Bagi masyarakat Dresden, pendekatan yang dipilih Hahan sangatlah menarik karena ada “kesan” Hahan merusak lukisan sendiri dengan memotong-motongnya menjadi bagian kecil untuk dibagikan kepada banyak teman. Pada akhirnya, lukisan berukuran 9 x 3 meter itu dibagi menjadi 83 pecahan dalam berbagai ukuran. Hampir semua lot ludes dipertukarkan dengan obyek dan cerita. Beberapa anak berusia 9-12 tahun memasang wajah gembira setelah berhasil memilih empat lot lukisan yang diinginkan, dengan modal gambar tangan sendiri. Tidak hanya memperoleh lukisan, para pengunjung selama dua hari juga bisa mendengarkan kisah tentang Indonesia dan mempelajari budaya-budaya lain yang lebih terbuka.
Lukisan Hahan sendiri memang menunjukkan perpaduan yang menarik atas pembacaannya terhadap narasi tentang Raden Saleh, sejarah Dresden, sedikit percikan tentang Jawa, dan silang sengkarut dalam seni kontemporer. Hahan menelisik beberapa lukisan Raden Saleh untuk kemudian ditimpa dan dikombinasikan dengan karakter-karakter khas dalam lukisannya—lebih mengarah pada gaya komik penuh warna—yang pada akhirnya menciptakan kontras yang tidak menuju keharmonisan, tapi perbedaan keduanya bisa tetap kuat.

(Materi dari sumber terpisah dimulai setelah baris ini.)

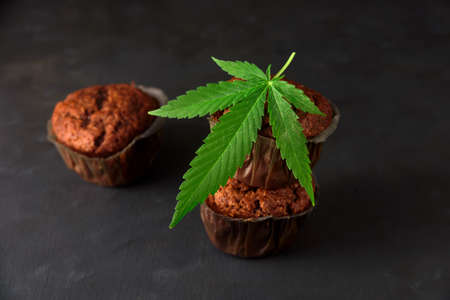 Chocolate muffin or cake with cannabis leaf, cbd infusedの写真素材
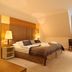 Hotel-Residence Klosterpforte in Marienfeld guest room with king bed, lamps, and window seating area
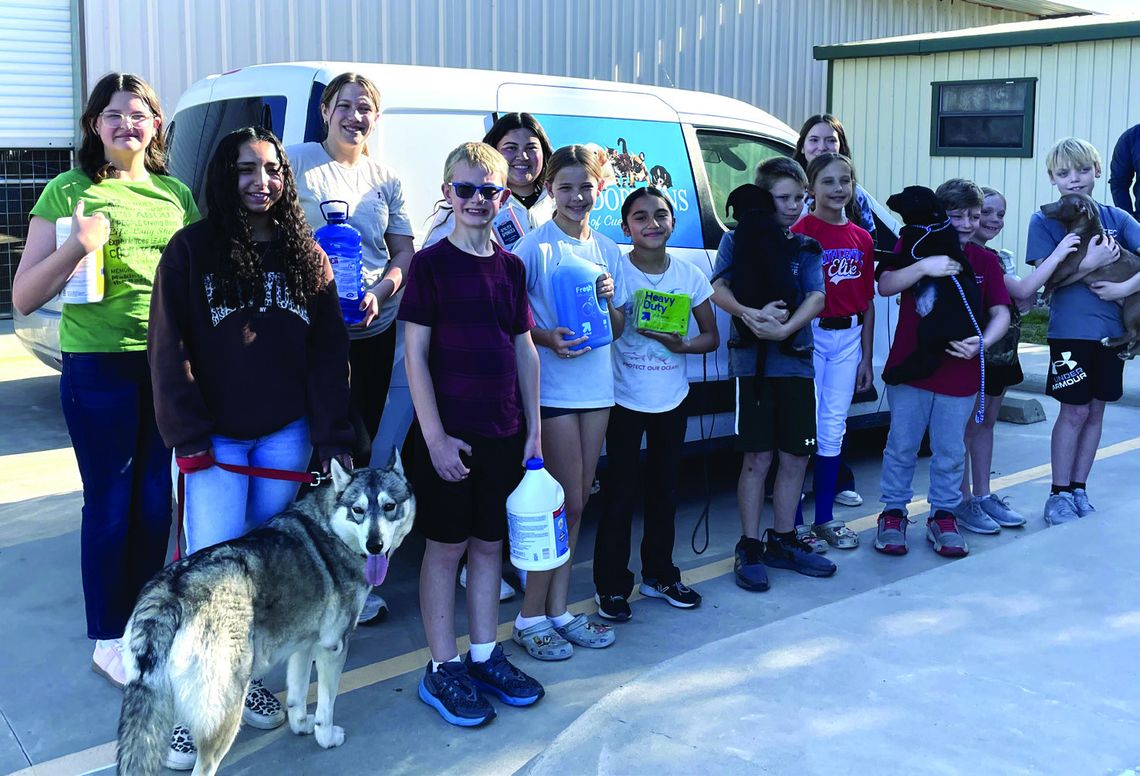 4-H Club helps out at pet shelter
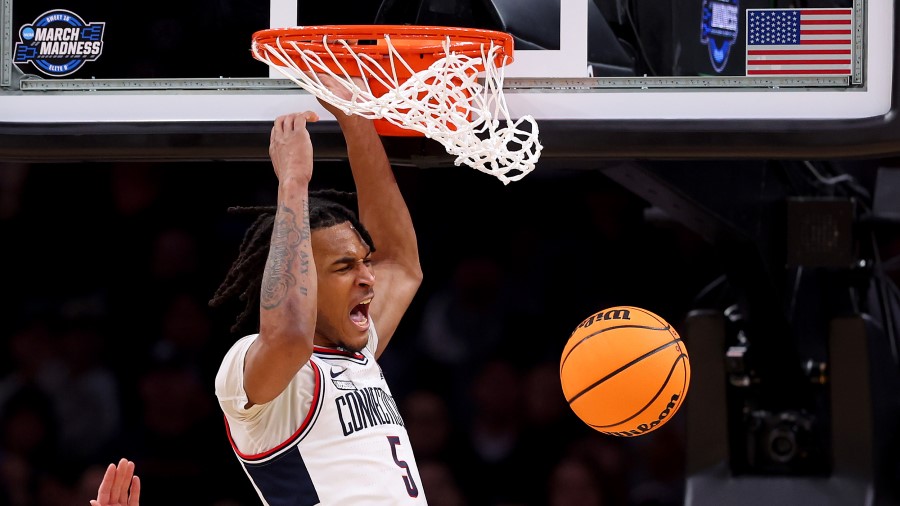 Stephon Castle #5 of the Connecticut Huskies dunks the ball...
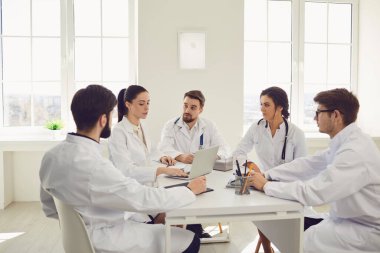 Bir grup doktor hastanenin ofisindeki masada oturuyorlar.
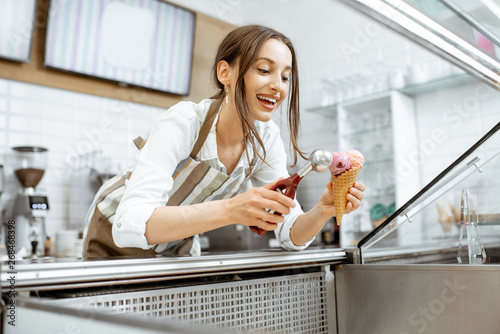 Young and happy saleswoman in apron making ice cream at the counter of the modern pastry shop indoors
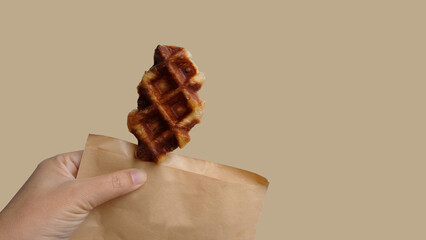 Women handing biscuit Sweet waffles on white background
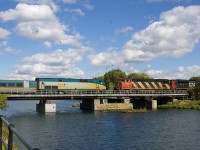VIA 62 with VIA 901 leading is meeting CN X321 with CN 2408 & CN 8943 for power over the Lachine Canal.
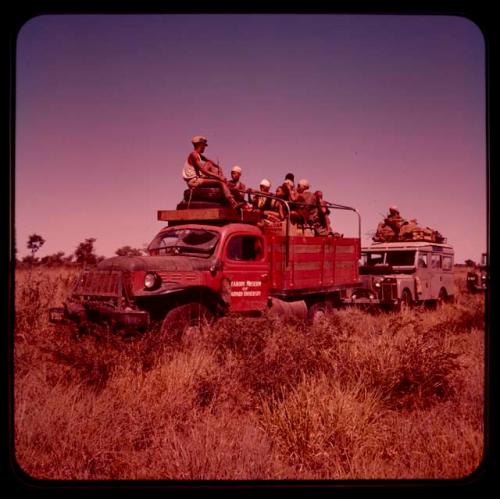 Group of people riding in trucks on the way from !O to !Nama; the red truck reads "Peabody Museum of Harvard University" on its front door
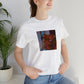 Giuliana Rancic, a female streetwear designer from Milan, Italy in the 1990s. She was known for her edgy and daring designs that made her a standout in the fashion world. Her vibrant prints, bold colors,-Tee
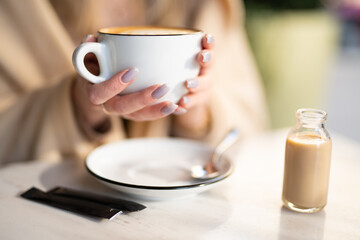 a fragrant and warm mug of cappuccino with a drawing heart,  girl  hold in hands.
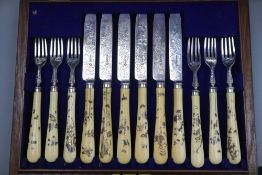 A cased set of twelve pairs of Victorian shibayama handled silver dessert eaters, Martin, Hall & Co,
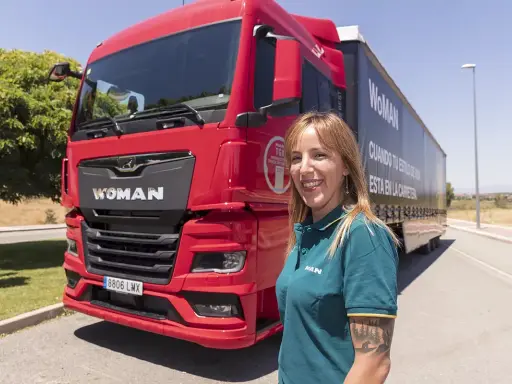 Mujer sonriente junto a un camión rojo MAN TGX. Averigua cuanto cuesta el carnet C+E para conducir este vehículo.
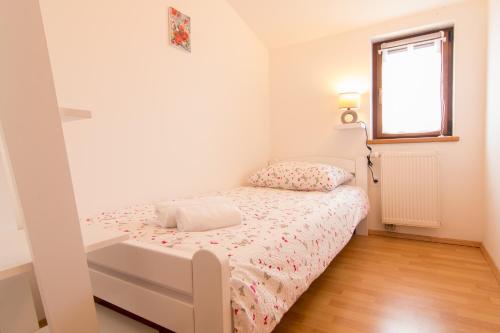 Posteľ alebo postele v izbe v ubytovaní Apartman Deni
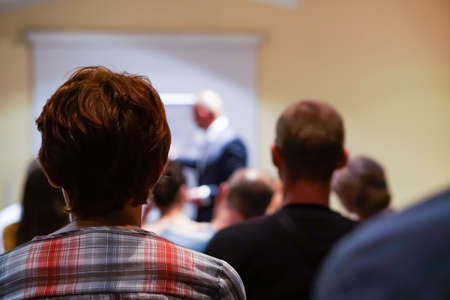 Businessman giving a presentation on flipchart. Teamwork conceptの写真素材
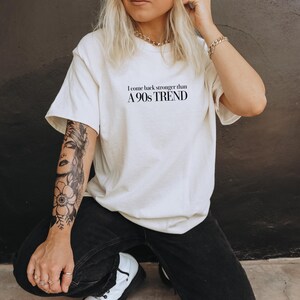 Op de afbeelding: Een wit T-shirt met zwarte tekst die "Ik kom sterker terug dan een trend uit de jaren 90" luidt. De persoon die het shirt draagt heeft een zwart-witte tatoeage op zijn arm.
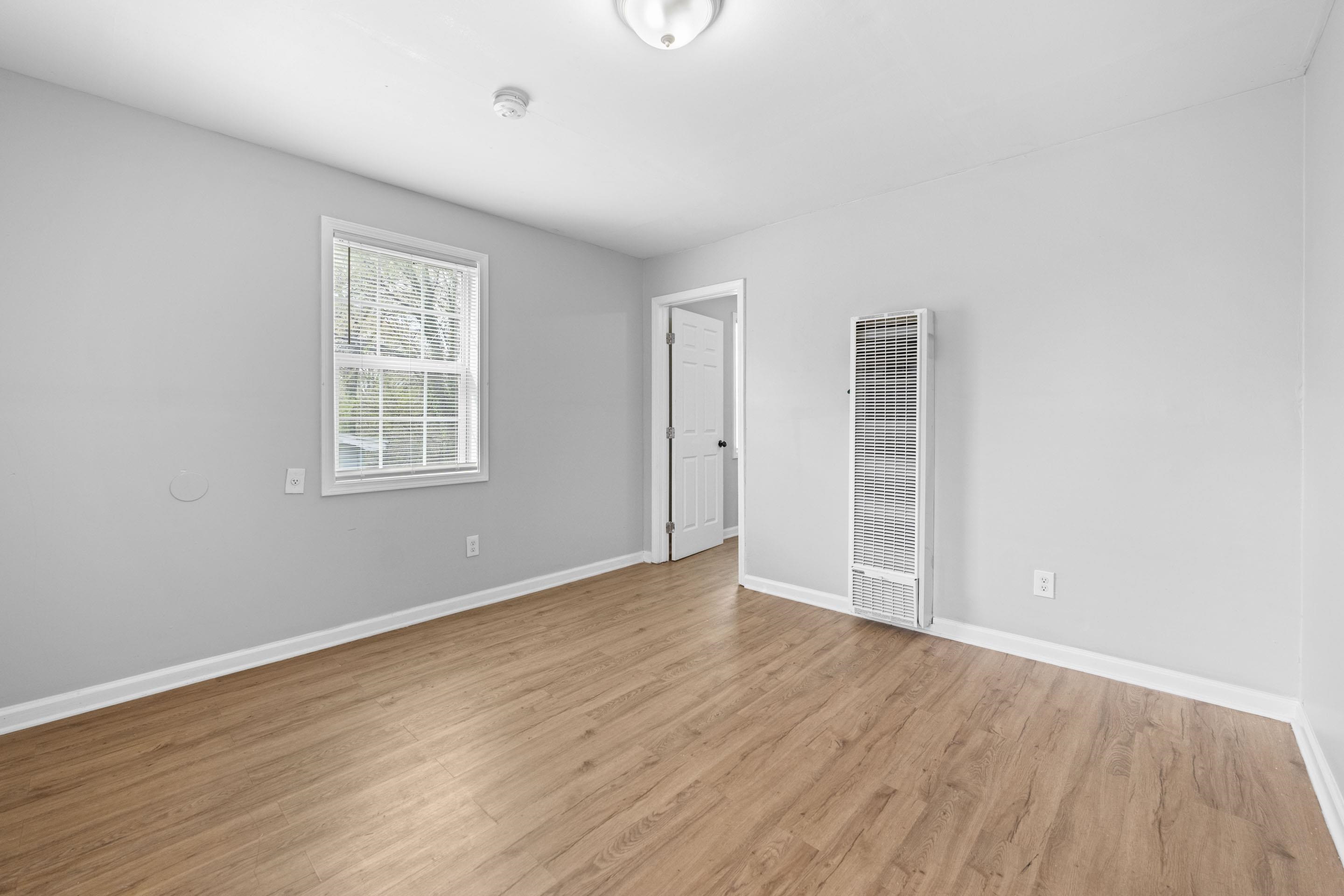 1493 Gaither Street Memphis, TN 38106 - Photo 15 of 27 an empty room with wooden floor and windows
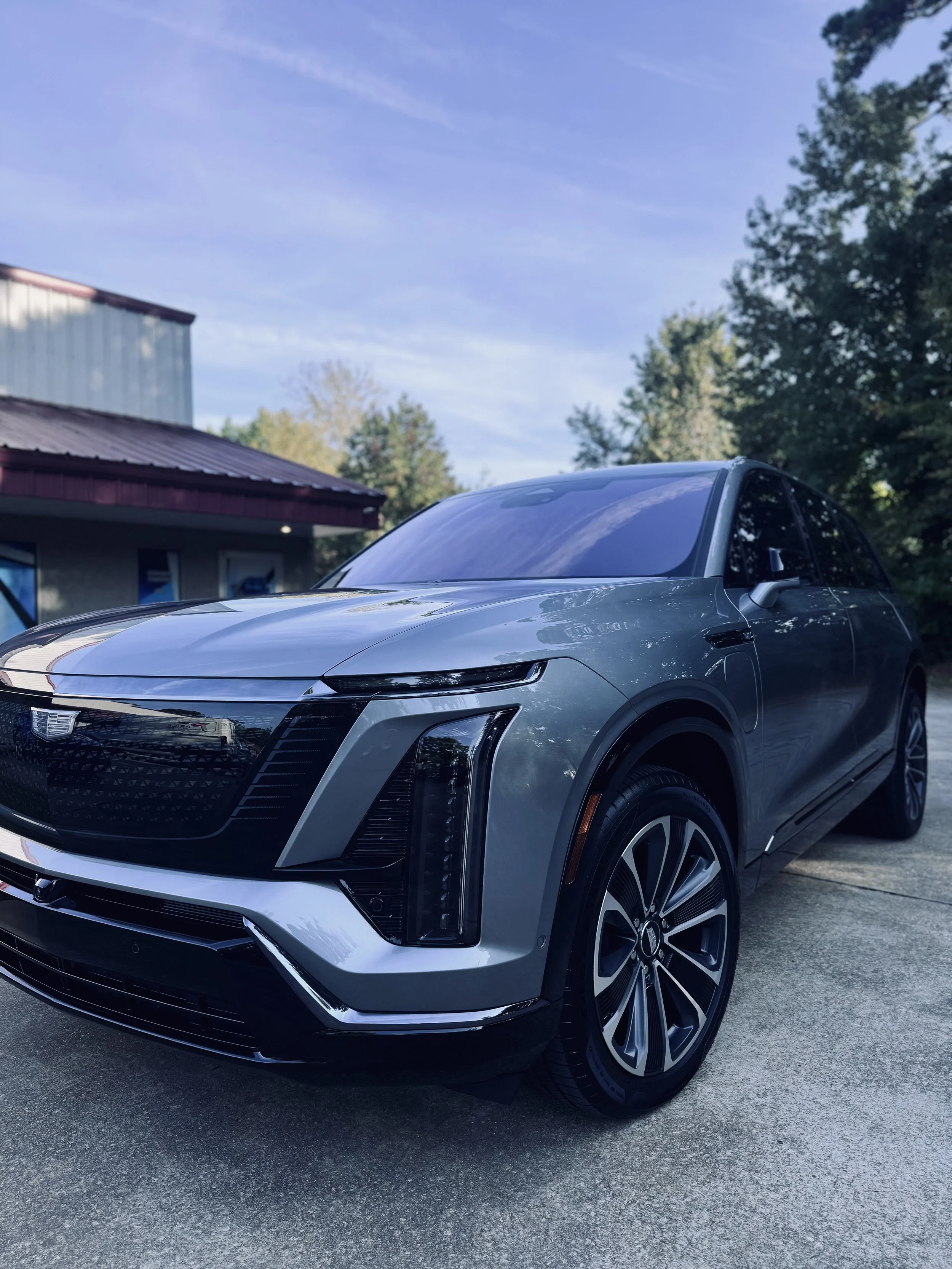 A gray electric SUV parked on a driveway with a building and trees in the background under a partly cloudy sky.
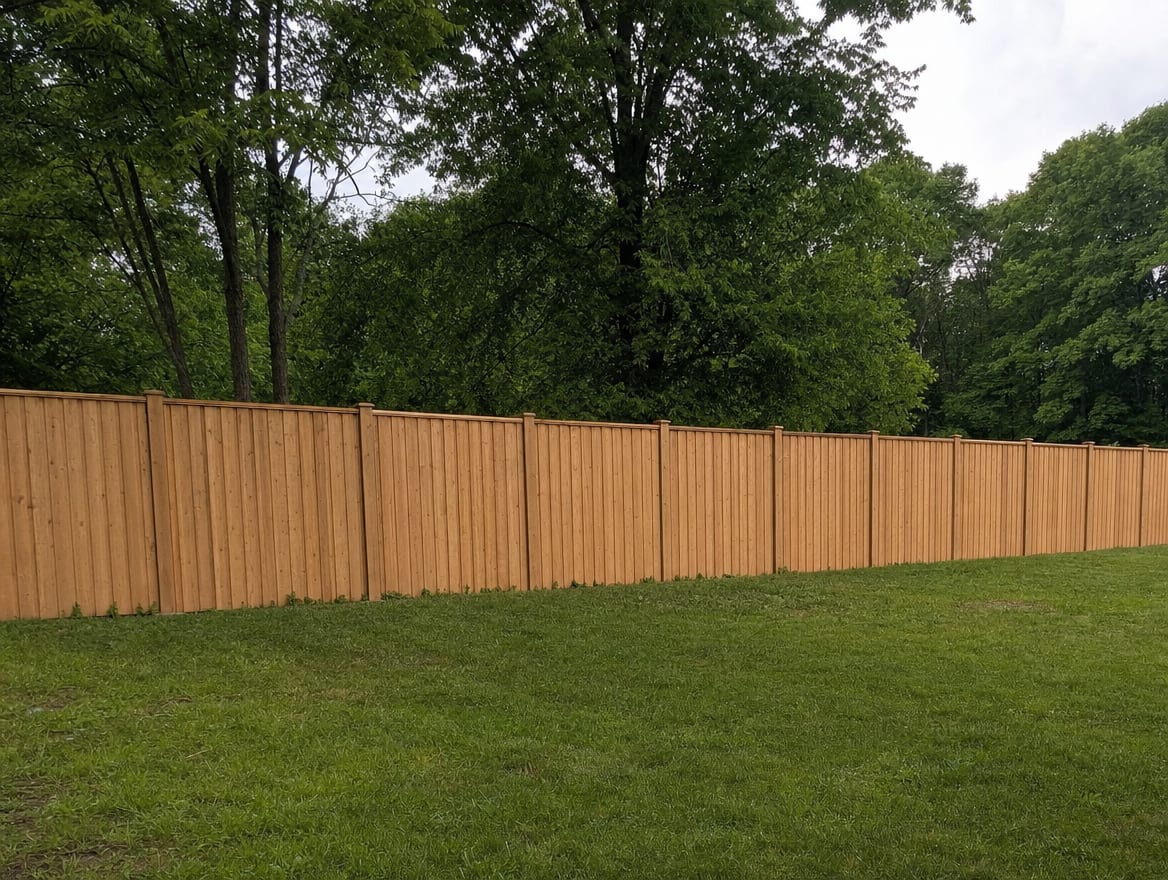 A full six foot tall wood privacy fence running along the back property line of a farmhouse yard in Goshen, CT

Lukisan yang direka ulang antara lain dua yang paling dikenal publik, yaitu Merapi (day) dan Merapi (night). Keduanya, yang ditempatkan di posisi tepat di tengah, menjadi salah satu fokus utama yang tidak dilewatkan orang. Beberapa penanda kota yang populer, seperti gedung Hellerau dan patung koleksi Albertinum, dapat pula dikenali warga yang datang ke acara tersebut. Wajah Jutta, Warner Krauss (sejarawan seni Jerman yang merupakan ahli Raden Saleh), serta Marie Odette (sejarawan seni Prancis) juga bisa dijumpai di sana.
Michael Schieldim mengungkapkan bahwa penting baginya untuk memperkenalkan narasi-narasi tersembunyi dari Kota Dresden, bahkan narasi yang diolah dan ditulis oleh mereka yang tinggal jauh di belahan dunia yang lain. Proyek “The Curious Deal” juga menjadi refleksi yang relevan berkaitan dengan “proses memberi dan menerima”, “berkisah dan mendengar”, “berdiam dan bertandang”. Narasi Raden Saleh menjadi semacam jembatan yang menghubungkan kembali ingatan pada masyarakat Dresden yang terbuka dan multikultur sejak dua abad lalu.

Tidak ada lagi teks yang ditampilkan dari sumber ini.